In the Eastern Daily Press's angling spread on September 4, Chris Bishop asked, 'Is the upper Wensum in fine fettle?'

His heavily hinted conclusion was that it isn't. Now, every word that Chris writes I read with interest, especially when he's into a topic as vital as this and as close to my own heart. His walk around the upper Wensum at Fakenham with veteran, Barry Burton (I prefer Evergreen!) was poignant. It was largely unproductive, too, and he and Barry saw very little in the way of fish or, come to that, in the way of anglers. I know only too well where both chaps are coming from. How many times have I walked the Wensum these past two sunny months and seen next to nothing and felt the icy hand of despair?

Like every other older angler, me included, Barry obviously has golden memories of the river as it once was. Angling is a sport that encourages memories and that is one of its many riches, one of the reasons, I guess, that it has such deep and venerable literature. My own memories can be misleading, however. When I look back to the great roach days of the '70s and '80s, for example, I tend to block out the seemingly endless blank sessions I suffered during that time. It's the great days that spring to mind, the leviathan roach coming towards the net through the gloom, or watching huge shoals of golden and red finned fish in the crystal clear water as the sun rose over the valley.
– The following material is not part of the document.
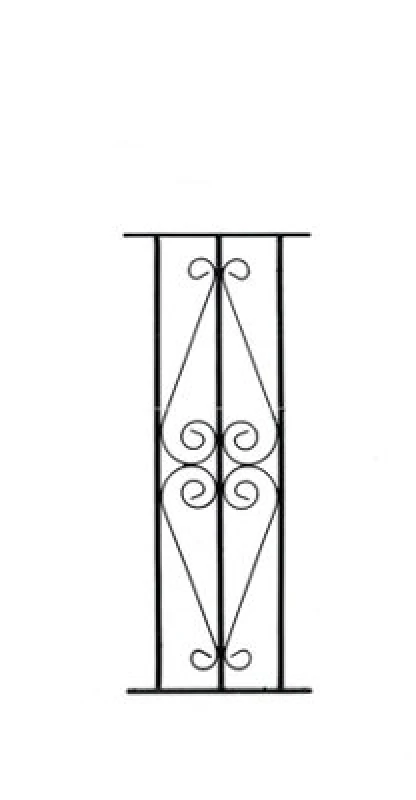 Image of Burbage Iron Craft Asco Metal Deck Decking Infill Fence Panel 280mm Wide X 770mm High (Pack Of 2) Dpab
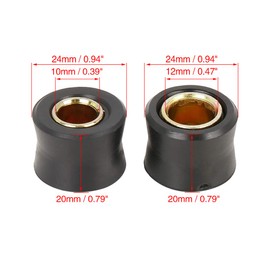 F FIERCE CYCLE Shock Reduction Cushion, Shock Bush, Inner Diameter 0.4 inch (10 mm), 0.5 inch (12 mm), Ring for Motor Cycle, Set of 4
Blimey, everyone has an opinion when it comes to the upper rivers and I understand that this is major problem that the Environment Agency and fishery scientists always face everywhere. How we discriminate between memories and hard fact is never easy and almost always too subjective for scientists. So many memories are anecdotal and golden-tinged and barely ever objectively quantifiable. That's just how it is.

I do have my own, roaching records from 1972 to about 1988. They list the places I fished, the times I fished, the conditions in which I fished and the roach that came my way.

They make interesting reading for the angler, without doubt, but scientifically, I guess they have little more than quirky interest attached to them. Dunking bits of bread flake into deep bends along a river isn't really what you call a serious, scientific survey.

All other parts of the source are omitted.